No malaria. And no Negroes…until a drifter named Moses arrived. Employing traditional gospel music,
Sundown Town explores virtue, sin and the fear of change.
Cast
REVEREND JOHN LOFTON: Mike Thomas
DUB HALE: Will Grayson
LORETTA HALE: Julie Gabel
ANNIE HALE: Emily Tomlinson
BILL CHEATHAM: John Thomas Smith
MUTT MCCLELLAND: TJ Osbourne
JOSHUA “JUNEBUG” KELLEY: Pete Brooks
HAROLD “SCRATCH” KELLEY: Roger Gross
MOSES LARUE: Justin Cunningham

Featured Playwrights
Kevin D. Cohea’s plays have appeared at the University of Arkansas, which premiered 2 A.M.(A.lpha M.ale) on its main stage, and at Laughs on the Landing in St. Louis. Earning his MFA in playwriting from the U of A, he received the Carrie Hamilton Memorial Scholarship and was a member of the Arkansas Project led by television creator Linda Bloodworth-Thomason. Also an actor, Cohea played Ben Hecht in T2’s Moonlight and Magnolias. He teaches English at Main Street Academy in Siloam Springs. Sundown Town is under consideration for the PONY Award.  A.E. Edwards received her MFA in playwriting from University of Arkansas during which time she won a National Playwriting  Award at the Kennedy Center American College Theatre Festival in Washington and was a Kennedy Center Fellow at Dad’s Garage Theatre in Atlanta. She currently lives in Bella Vista and is an Associate Faculty Member at Northwest Arkansas Community College in Bentonville.
Robert Ford is Artistic Director of TheatreSquared and directs the Arkansas Playwrights Workshop. Last May, T2 premiered his play My Father’s War, which will travel to Berlin in July. Alabama Shakespeare Festival expects to premiere his play The Fall next season. Ford is a winner of the Stanley Drama Award and a fellowship from the Arkansas Arts Council, and his award-winning novel The Student Conductor was a Barnes & Noble Discover Great New Writers selection. Ford is an alum of the Mount Sequoyah New Play Retreat and teaches drama at the University of Arkansas.
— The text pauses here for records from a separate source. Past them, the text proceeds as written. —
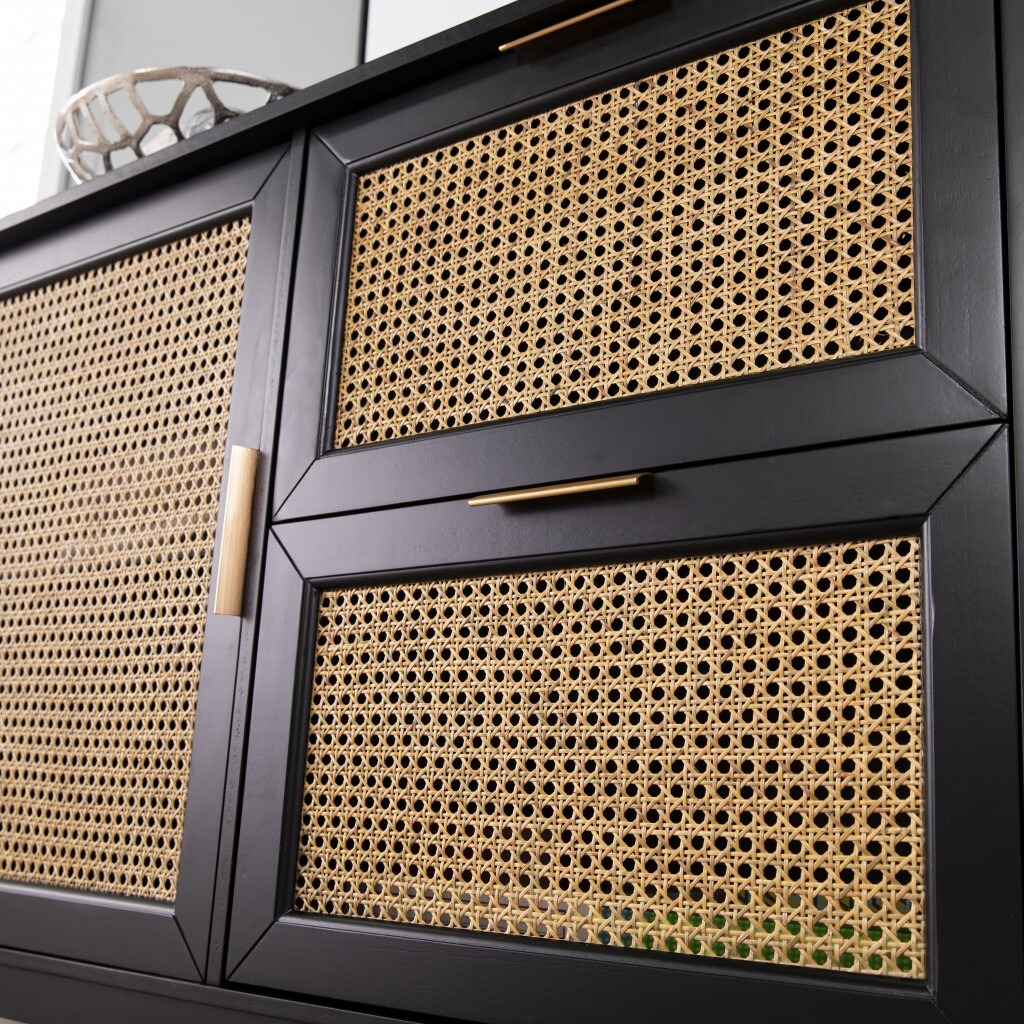 Black And Cane Bamboo Accent Storage Cabinet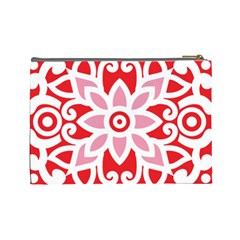 A Red And White Pattern With A Flower On It Cosmetic Bag (Large) from ArtsNow.com Back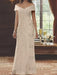 Sequin swirl embroidered chiffon column gown in champagne
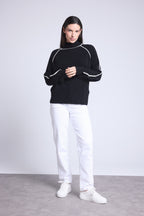 Jersey de cuello alto en contraste Megan - Negro y blanco - Mujer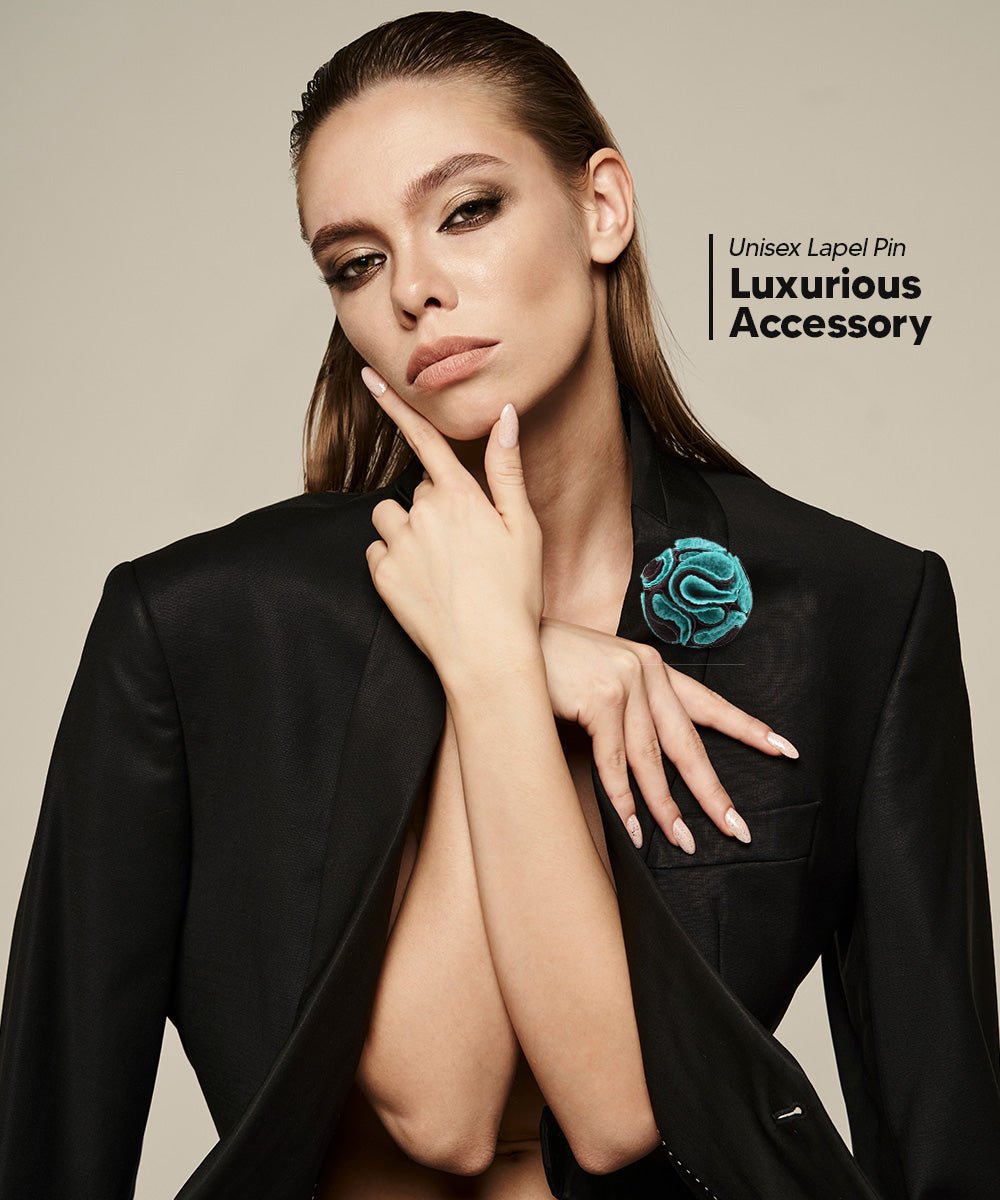 Vittorio Vico Unisex Two-Tone Seersucker Flower Lapel Pin - Aqua and Black - Flower Lapel Pin - Vittorio Vico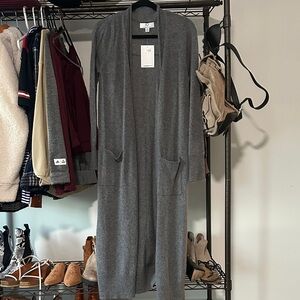 Magaschoni Charcoal Gray Long Cardigan 100% cashmere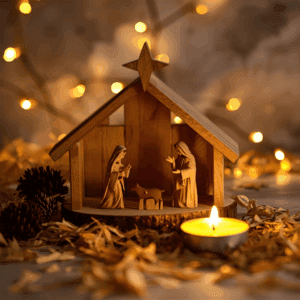 “Handmade wooden nativity set on a rustic table with soft lighting”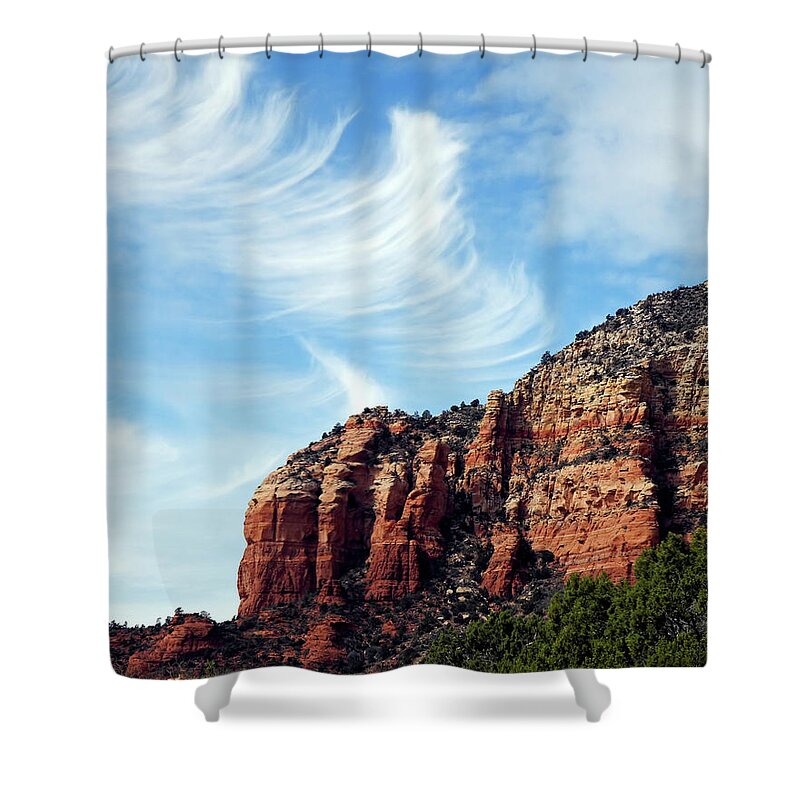 Arizona Shower Curtain featuring the photograph Cirrus Clouds Over the Mesa by Lynda Lehmann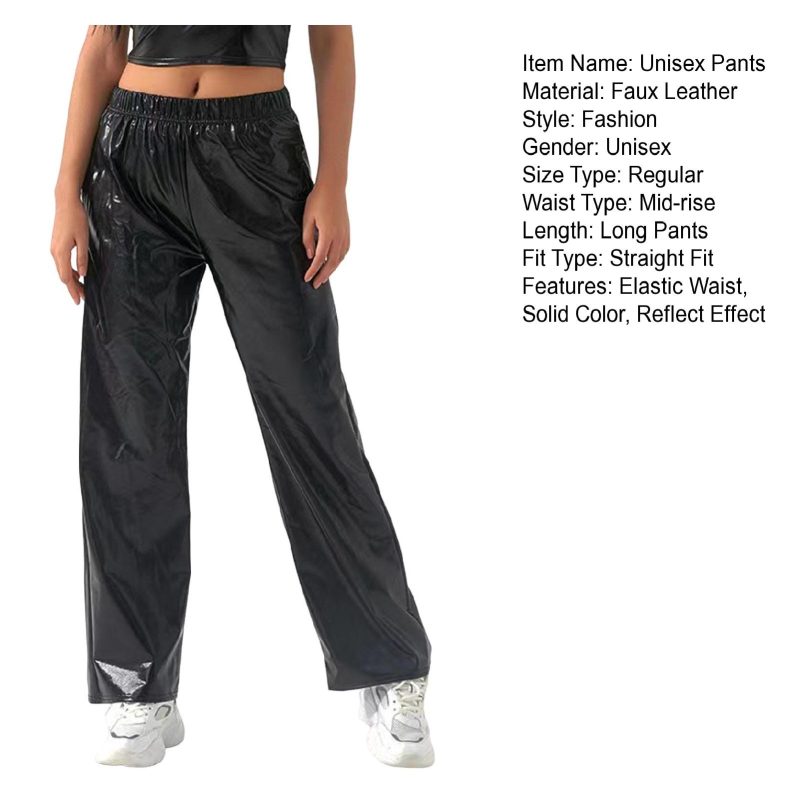Women's Fashion Silver Gold Party Leather Pants Vintage Glitter Party Trousers Solid Colour High Waist Slim Trousers - Image 5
Sherry Kramer’s work has been seen at the Humana Festival at the Actors Theatre of Louisville, InterAct Theatre, Yale Repertory Theater, Soho Rep, Ensemble Studio Theater, New York’s Second Stage, Woolly Mammoth, Theater of the First Amendment, and at Rude Mechs in Austin, TX, in a co-production with Red Then. She is a recipient of NEA, New York Foundation for the Arts, and McKnight Fellowships, the Weissberger Playwriting Award and a New York Drama League Award, the LA Women in Theater New Play Award, the Jane Chambers Playwriting Award, and a commission from A.S.K. She was the first national member of New Dramatists and teaches playwriting at Bennington College and in the MFA programs of the Michener Center for Writers, UT Austin, and the Iowa Playwrights Workshop, where she was previously
head of the workshop.
Werner Trieschmann’s plays have been staged at Moving Arts in Los Angeles, Ensemble Studio Theatre in New York, The  New Theatre in Boston, Mobtown Players in Baltimore and Red Octopus Productions in Little Rock. His comedy You Have to  Serve Somebody (Dramatic Publishing) was developed at the Mount Sequoyah New Play Retreat in Fayetteville. Trieschmann  won first prize in the Contemporary Arts Center of New Orleans New Play Competition and was the first playwright to receive  the Porter Prize. He has an M.F.A. in playwriting from Boston University and lives in Little Rock.